Several in vitro and in vivo models have revealed the key role of CXCR4/CXCL12 axis in tumor-stroma interactions. Stromal cells present in the tumor microenvironment express high levels of CXCL12 protein, directly stimulating proliferation and migration of CXCR4-expressing cancer cells. This specific prosurvival influence of stromal cells on tumor cells is thought to protect them from cytotoxic chemotherapy and is postulated as a possible explanation for the minimal residual disease in hematological and solid cancers. Therefore, CXCR4/CXCL12 signaling is an attractive therapeutic target in cancer, as proven in preclinical leukemia mouse models, where CXCR4 inhibition sensitized cancer cells to conventional chemotherapy. This study investigates whether inhibition of CXCR4 with the specific inhibitor AMD3100 sensitizes human prostate cancer cells to docetaxel. We showed that both mouse and human stromal cell lines have a protective effect on PC3-luc cells by promoting their survival after chemotherapy. Furthermore, we demonstrated that AMD3100 sensitizes PC3-luc cells to docetaxel. In a subcutaneous xenograft mouse model of human prostate carcinoma, we showed that a combination of docetaxel and AMD3100 exerts increased antitumor effect compared with docetaxel alone.

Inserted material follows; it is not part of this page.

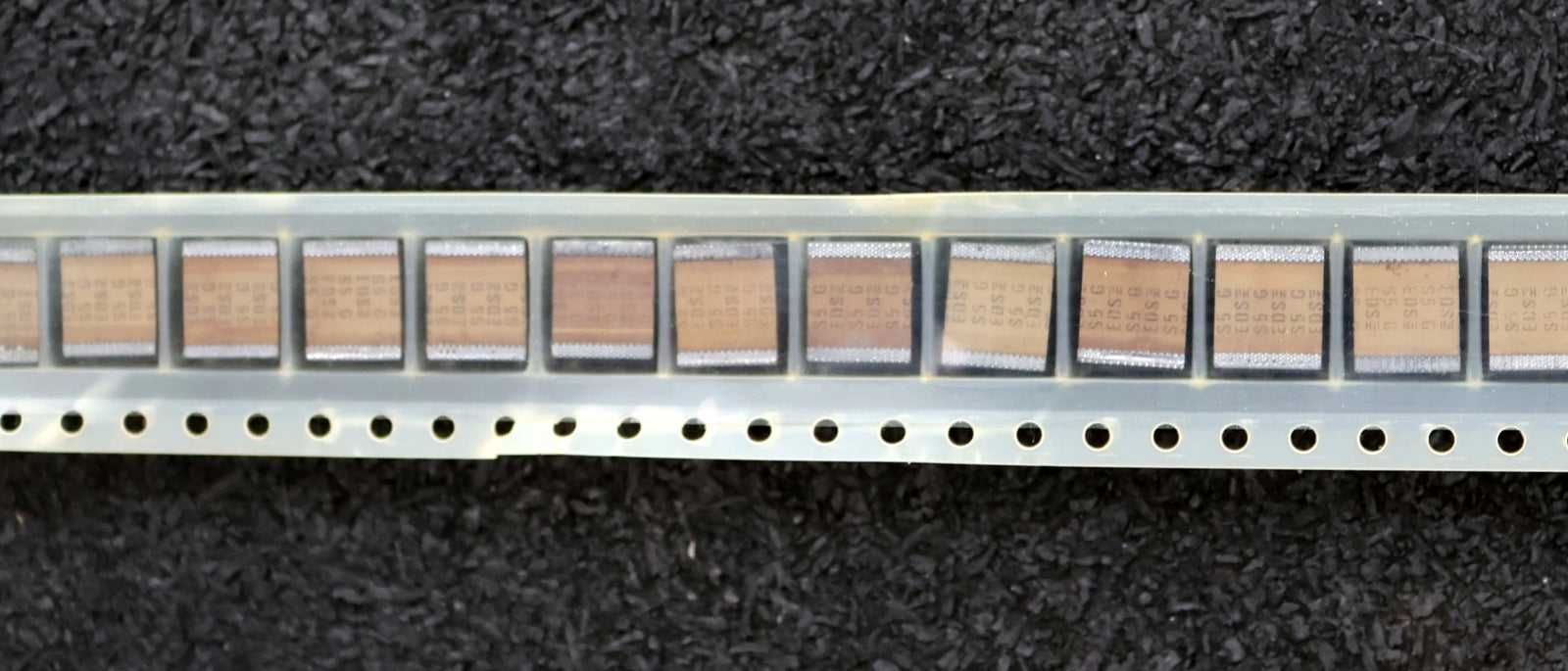 Bild des Artikels PHILIPS-600x-MKPS-Chip-Kondensator-Folienkondensatoren-0,47µF-SMD-394-25V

We concluded that CXCR4 inhibition chemosensitizes prostate cancer cells, both in vitro and in vivo. To explore the relevance of these findings, we analyzed CXCR4 expression levels in human prostate cancer samples. We found that cancer cells present in bone metastatic lesions express higher CXCR4 levels relative to the cells present in primary tumors and lymph node metastatic lesions. These findings underscore the potential of CXCR4 inhibitors as chemosensitizing agents.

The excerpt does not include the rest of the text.